As educators engage in a national movement to meet and reach higher academic standards, we need comprehensive and standardized information to make good judgments about student and school progress. When we restructure our schools to prepare for higher hurdles and assign staff in different ways to effectuate greater productivity, our decisions must be well thought out and supported by the evidence that new high-stakes assessments will yield.

The data that emerge from these tests may be just what we need to break some timeworn practices, such as teacher isolation at the grade level and building level. Teachers throughout a school district must be encouraged to talk to one another. Schools must reform their curriculum and question teacher classroom involvement in a systematic way. Too many curriculum documents have gone unchanged for too many years. Good data support positive change and continuous improvement.

One should find little fault with accountability measures that will allow leaders to improve the system. What should concern us, though, is the plan to focus on a single piece of evidence to define performance in meeting state standards. To base student and school success on a one-time assessment is grossly inadequate. But instead of criticizing the standards and new assessments, we should advocate for expanding the definition of educational accountability.

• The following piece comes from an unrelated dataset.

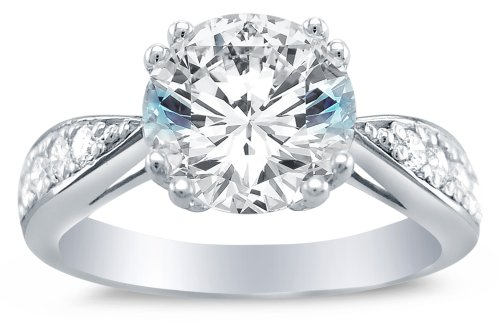 Solid 14k White OR Yellow Gold Round Brilliant Cut Solitaire with Round Side Stones CZ Cubic Zirconia Engagement Ring 2.0ct.3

Evidence indicates that student performance is improving as a result of the standards initiatives. A recent New York state publication reports increasing numbers of students passing rigorous Regents exams tied to standards. Many more students are being offered challenging academic instruction and opportunities to learn with success.

However, we also know that no two students learn the same things the same way at the same time. Consequently, we need to extend the definition of accountability within the standards movement. The definition should accommodate successful school and student performances based on multiple assessments and not exclusively on a one-time standardized state-testing event.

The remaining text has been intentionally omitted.